• Italie XIXe

    Au musée d’Orsay

    Idéale Italie

    Présent du 6 juin 09

    « Voir l’Italie et mourir » – alors que l’Italie ne donne qu’envie d’y vivre, que tant d’écrivains et artistes y ont vivifié leur œuvre ! Dès le XVIIe siècle, tout artiste doit pour parfaire sa formation avoir visité l’Italie, patrie des arts, et, mère civilisatrice, Rome où l’Académie de France n’est pas tant la légation de l’art français que le pied à terre de ceux à qui est accordé le défraiement du séjour : le fameux Prix de Rome.

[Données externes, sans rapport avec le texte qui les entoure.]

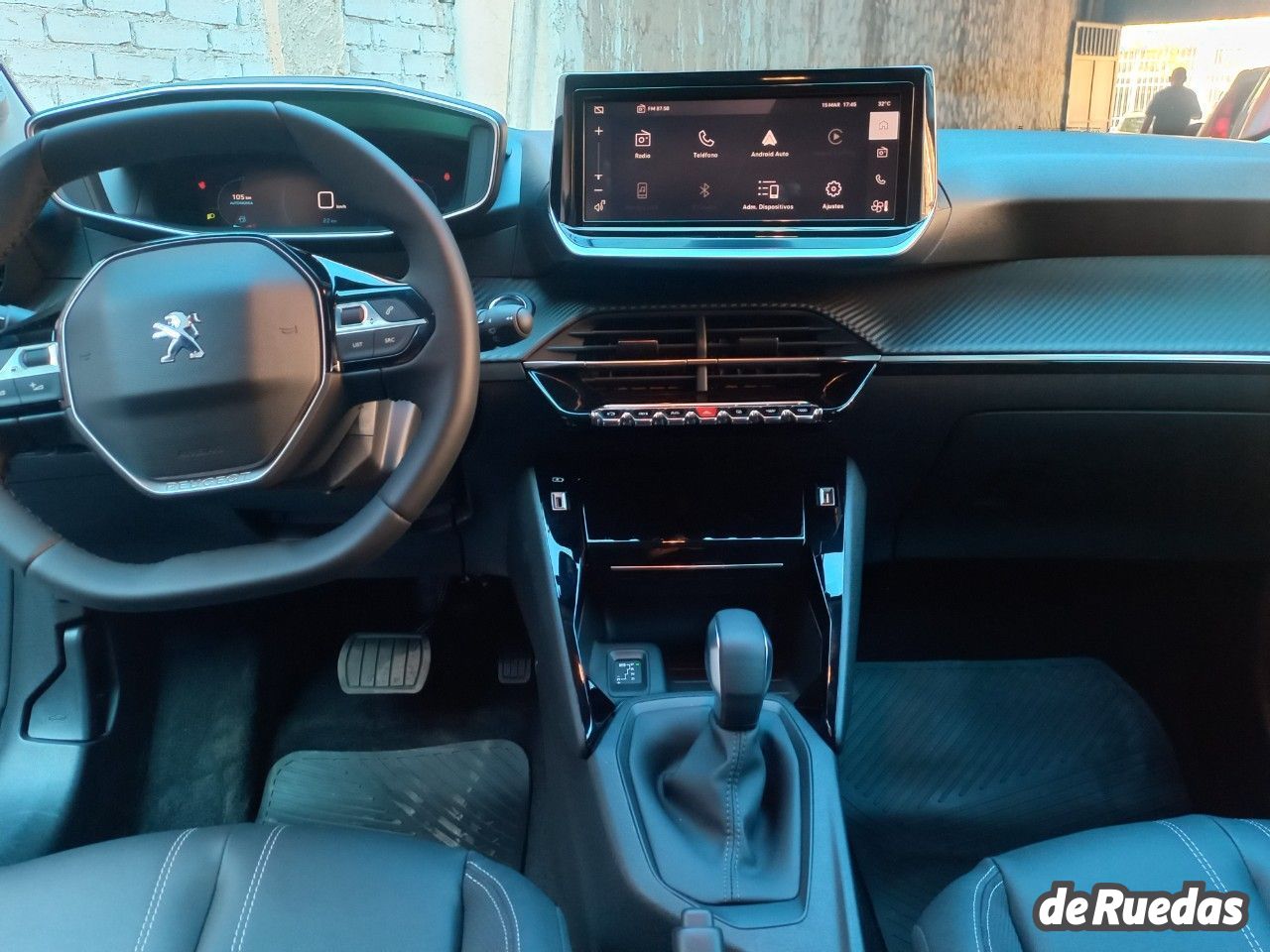 Peugeot 208 Nuevo en Mendoza, deRuedas
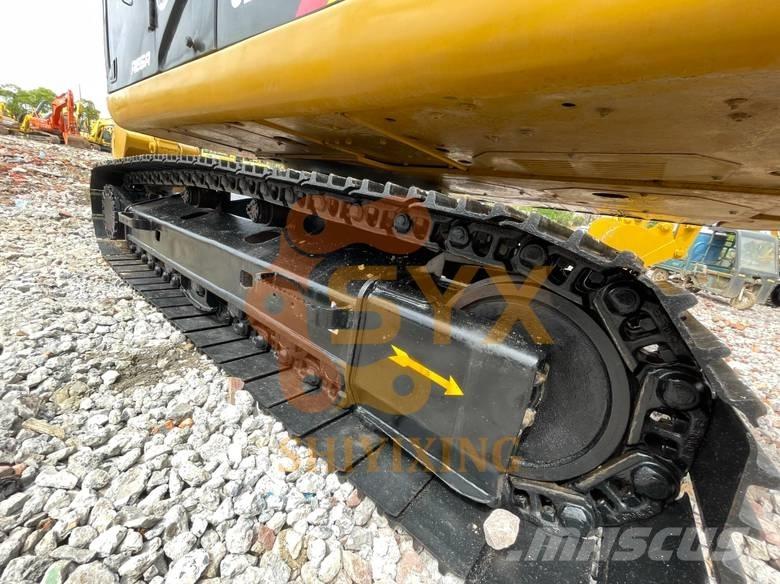 CAT 320 D GC Верижен екскаватор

    Les paysagistes cherchent le ton local, la lumière fugitive. Dans les années 1780, pas encore guindé dans des paysages historiques, P.-H. de Valenciennes peint la lumière sur les toits romains : Rome, ciel nuageux. Lui succèdent L. Cogniet (condisciple aux Beaux Arts de Delacroix et Géricault) et C. Corot, qui immortalise la vasque du jardin de la Villa Médicis devant le panorama urbain.

    Des vieilles pierres, d’autres recherchent la permanence. Viollet-le-Duc effectue de minutieux relevés aquarellés de la façade du Palais des Doges et de Sainte-Marie des Fleurs ; J. Ruskin aussi, mais il illustre ses recherches avec les photographies prises par ses soins (Les Pierres de Venise, 1853, ill.).

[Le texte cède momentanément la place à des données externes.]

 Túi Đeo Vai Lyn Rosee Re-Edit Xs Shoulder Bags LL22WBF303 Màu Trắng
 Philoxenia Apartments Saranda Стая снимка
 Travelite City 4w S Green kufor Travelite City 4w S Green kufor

    Les artistes ne sont pas seuls à parcourir l’Italie. Les aristocrates anglais font le voyage, initiation culturelle : le Grand Tour, qui embourgeoisé donne naissance au tourisme dans le cours du XIXe. Dès que pratiquement ils le peuvent, les voyageurs emportent leur matériel photographique : leur abondante production d’images, de qualité souvent, s’ajoute à celle des peintres. Il se fait des « excursions daguerriennes », titre d’un album qui rassemble des gravures effectuées d’après des clichés (monuments, villes). Naît une école romaine de photographie encore tributaire de la peinture, qui s’intéresse aux sites touristiques et à la vie populaire.

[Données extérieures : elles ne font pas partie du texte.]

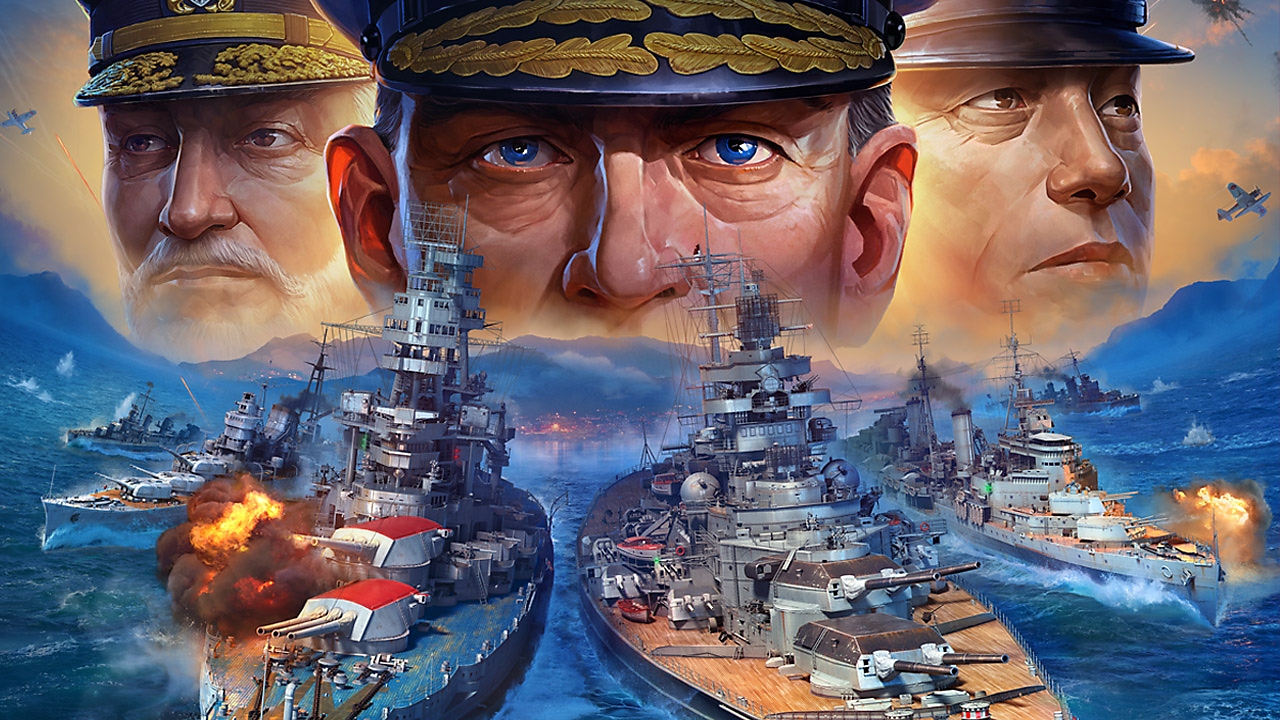 World of Warships: Legends – The Duel | PS5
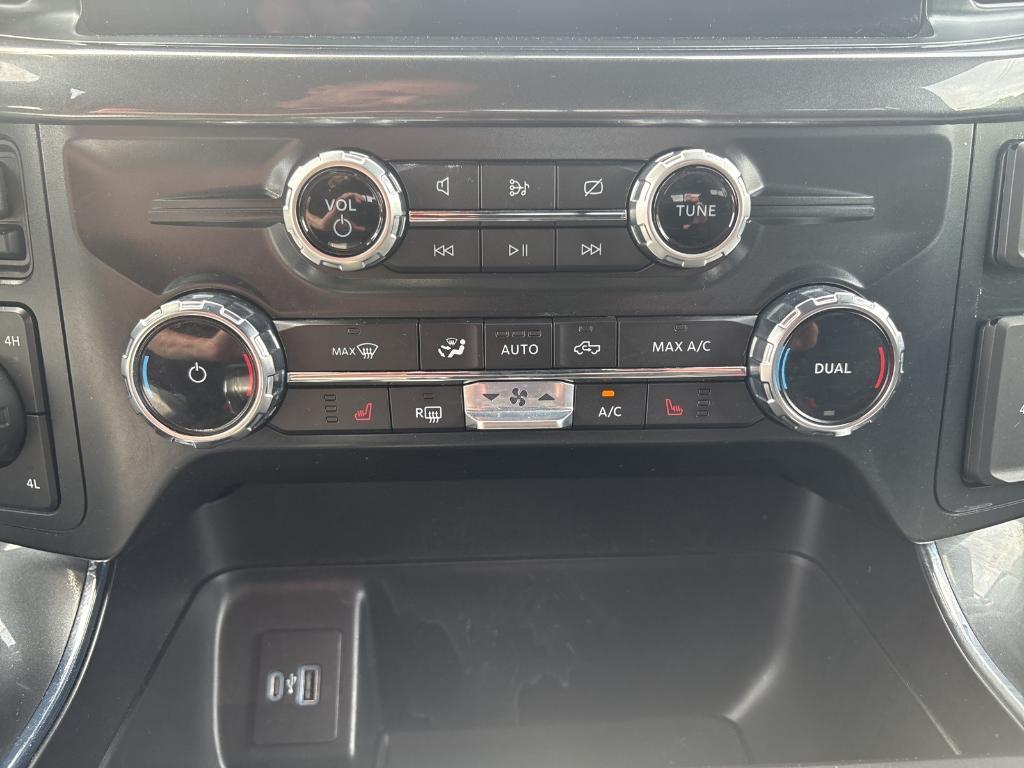 used 2022 Ford F-150 car, priced at $44,700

    Les amateurs de la chambre obscure sont présents sur les sites archéologiques lorsqu’est exhumée une statue colossale, ou lorsqu’est moulée une cavité laissée par un cadavre de Pompéi, donnant comme grâce à un négatif le tirage d’une victime de l’éruption du Vésuve. Les panaches du volcan, photographiés par Giorgio Sommer, abolissent le temps humain : dix-huit siècles après, ils sont tels que les a décrits Pline le Jeune. Mais l’Italie a une actualité pas moins dramatique, celle du Risorgimento. Les photographes prennent conscience de l’importance de leur témoignage. Ils enregistrent les destructions occasionnées par la défense de Rome (1848-1849, S. Lecchi), les ruines du Palais Carini à Palerme (1860, G. Le Gray).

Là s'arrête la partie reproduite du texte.